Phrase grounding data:
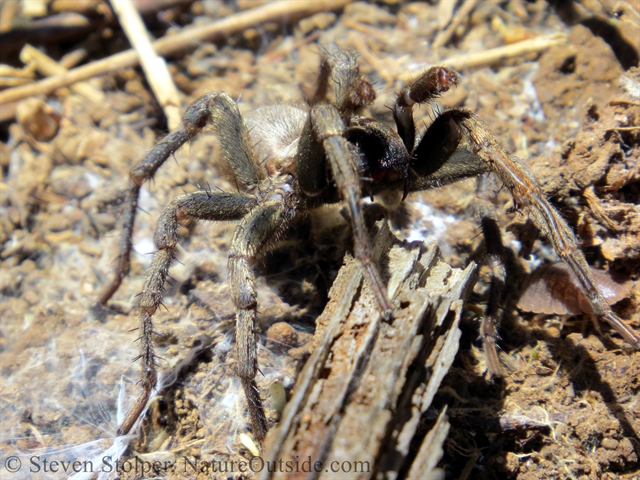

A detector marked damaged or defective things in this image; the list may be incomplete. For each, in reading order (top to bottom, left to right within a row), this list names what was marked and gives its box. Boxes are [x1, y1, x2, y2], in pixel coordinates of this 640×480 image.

splintered wood piece [260, 225, 476, 480]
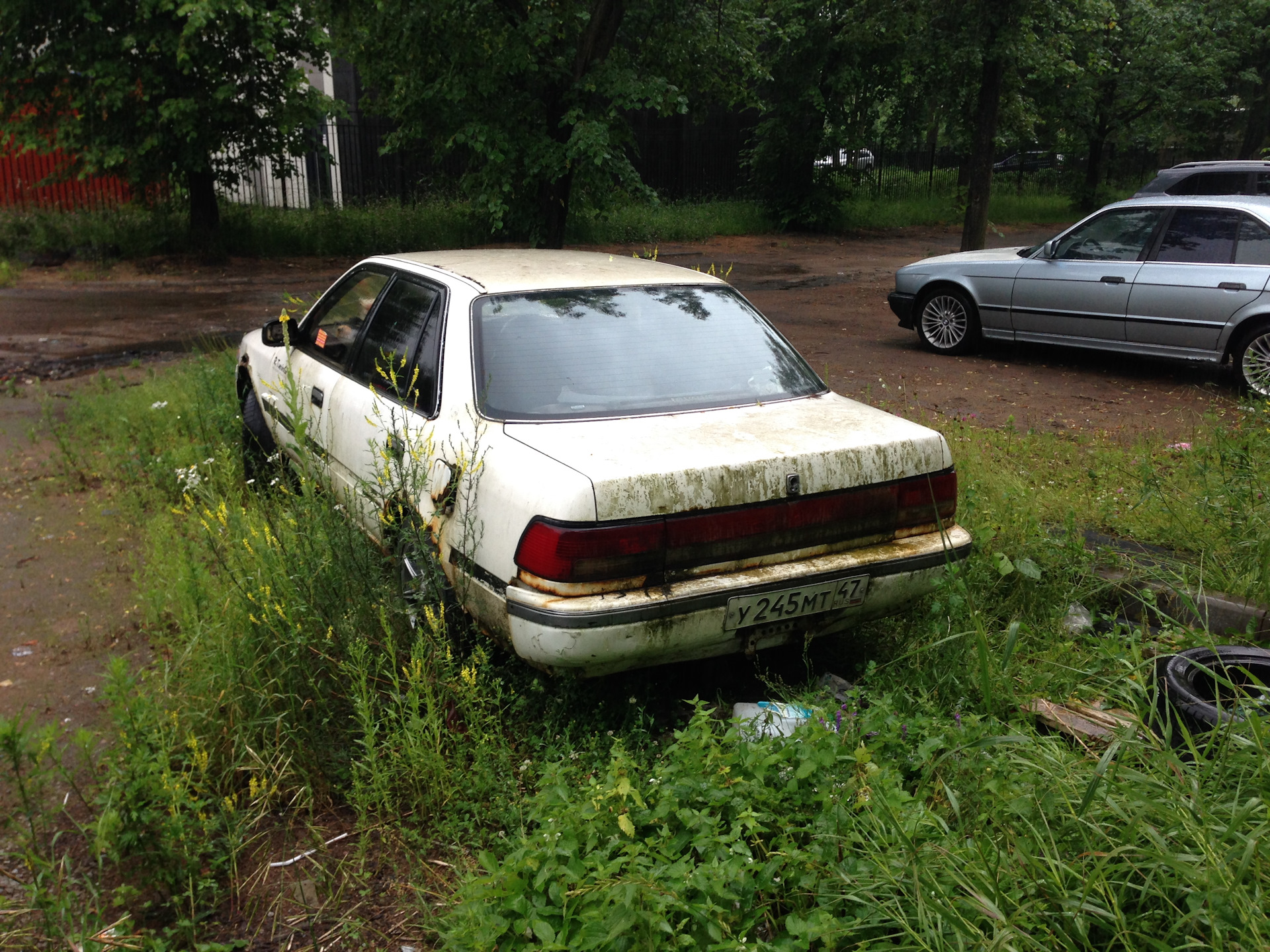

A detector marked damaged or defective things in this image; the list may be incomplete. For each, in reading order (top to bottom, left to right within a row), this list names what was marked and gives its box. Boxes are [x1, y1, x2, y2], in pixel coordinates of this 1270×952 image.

abandoned white sedan [238, 251, 965, 680]
rusty bumper section [500, 525, 965, 675]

• _EXERCISE DIRECTIONS_:
Could you please repeat the entries above exactly, with every picture left out?

• _WRITTEN REPLY_:
A detector marked damaged or defective things in this image; the list may be incomplete. For each, in reading order (top to bottom, left to right within a row), this list names what was marked and gives its box. Boxes are [x1, y1, x2, y2], in pixel coordinates of this 640×480 image.

splintered wood piece [260, 225, 476, 480]

A detector marked damaged or defective things in this image; the list may be incomplete. For each, in reading order (top to bottom, left to right within a row), this list names what was marked and gives its box. Boxes are [x1, y1, x2, y2], in pixel coordinates of this 1270×952 image.

abandoned white sedan [238, 251, 965, 680]
rusty bumper section [500, 525, 965, 675]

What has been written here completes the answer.